Sunday, September 20, 2009

Characters Calculation of PDF Document with PHP




In this tutorial, We wil convert the document format also. We will convert pdf to text file
through php and then read its content to calculate the number of characters in the file.



SOLUTION




It is quite simple to calculate characters of a pdf document. To accomplish this task.
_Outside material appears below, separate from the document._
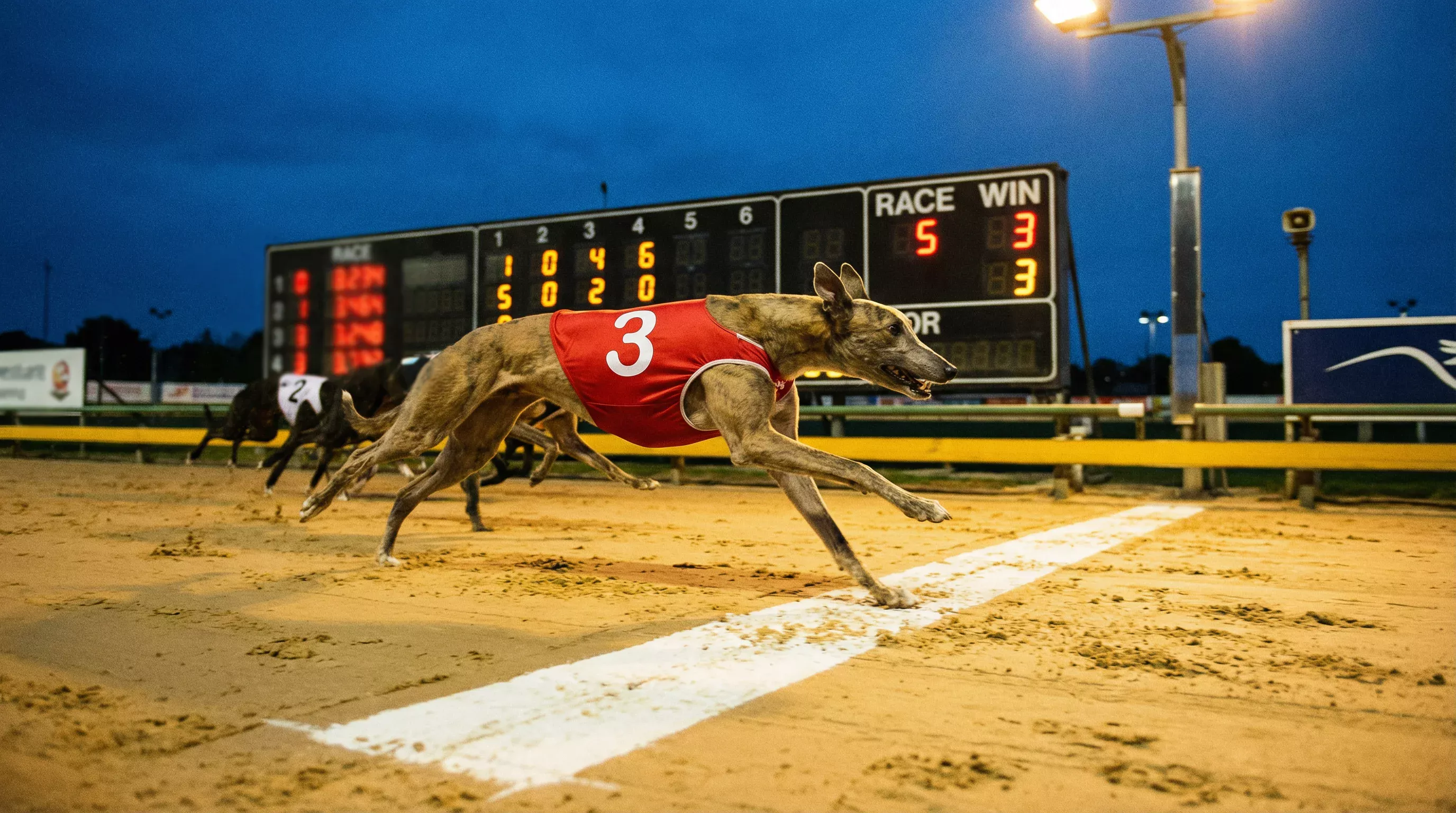 Greyhound crossing the finish line first on Sunderland sand track with the stadium scoreboard visible behind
I will
use pdf2html Linux Library.
Please download and install pdf2html library from http://sourceforge.net/projects/pdftohtml/


Code to execute pdf conversion and characters calculation.
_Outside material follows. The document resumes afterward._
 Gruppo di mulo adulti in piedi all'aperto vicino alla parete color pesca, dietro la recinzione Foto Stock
Linux command execution to convert the pdf to text format.

'/usr/bin/pdftotext ' . $file_path; //File path must be the absolute server path.

PHP
shell_exec('/usr/bin/pdftotext ' . $file_path);


Complete code to upload a file to the processed folder in your root directory.

if(move_uploaded_file($_FILES[$filen]['tmp_name'],'processed/'.$_FILES[$filen]['name'])){

$file_name=$_FILES[$filen]['name'];
$file_path=$_SERVER['DOCUMENT_ROOT'].'/processed/'.$_FILES[$filen]['name'];


$file_name=str_replace('.pdf','.txt',$file_name);

$output=shell_exec('/usr/bin/pdftotext ' . $file_path);

sleep(2);
$handle = fopen($file_name, "r");
$contents = fread($handle, filesize($file_name));
fclose($handle);
$file_count = strlen(str_replace(' ','',$contents));



}

TroubleShooting

1. shell_exec function will not execute. If you don't have permission to run ssh commands
and also if your php is running in the safe mode.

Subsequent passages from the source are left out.